> **PROBLEM TO WORK ON**:
Only one stretch of the data is wanted: the line containing "For Garmin Fenix", the line containing "Senior profitant d'une", and every line between them, copied exactly.

────────────────────────────────────────

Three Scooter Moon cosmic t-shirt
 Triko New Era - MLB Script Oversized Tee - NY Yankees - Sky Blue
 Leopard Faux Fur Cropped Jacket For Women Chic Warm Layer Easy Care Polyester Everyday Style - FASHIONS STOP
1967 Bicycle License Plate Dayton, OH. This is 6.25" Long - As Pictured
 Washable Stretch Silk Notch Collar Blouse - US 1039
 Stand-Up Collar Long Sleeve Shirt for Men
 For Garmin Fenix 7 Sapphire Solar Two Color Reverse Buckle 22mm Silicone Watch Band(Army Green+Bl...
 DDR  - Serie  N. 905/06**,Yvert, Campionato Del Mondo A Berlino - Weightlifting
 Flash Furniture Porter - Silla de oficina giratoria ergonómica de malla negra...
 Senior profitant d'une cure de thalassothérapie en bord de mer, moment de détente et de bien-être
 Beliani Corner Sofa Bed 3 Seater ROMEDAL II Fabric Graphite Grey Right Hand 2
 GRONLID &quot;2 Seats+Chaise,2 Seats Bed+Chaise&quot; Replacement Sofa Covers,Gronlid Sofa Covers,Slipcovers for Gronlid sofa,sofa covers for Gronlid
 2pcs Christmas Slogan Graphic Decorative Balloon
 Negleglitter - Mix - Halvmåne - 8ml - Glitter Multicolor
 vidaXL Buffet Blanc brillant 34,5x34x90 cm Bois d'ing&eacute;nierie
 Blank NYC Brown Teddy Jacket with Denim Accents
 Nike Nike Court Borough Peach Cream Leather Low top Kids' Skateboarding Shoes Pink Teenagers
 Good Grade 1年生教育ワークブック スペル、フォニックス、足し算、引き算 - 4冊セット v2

────────────────────────────────────────

> **REPLY**:
 For Garmin Fenix 7 Sapphire Solar Two Color Reverse Buckle 22mm Silicone Watch Band(Army Green+Bl...
 DDR  - Serie  N. 905/06**,Yvert, Campionato Del Mondo A Berlino - Weightlifting
 Flash Furniture Porter - Silla de oficina giratoria ergonómica de malla negra...
 Senior profitant d'une cure de thalassothérapie en bord de mer, moment de détente et de bien-être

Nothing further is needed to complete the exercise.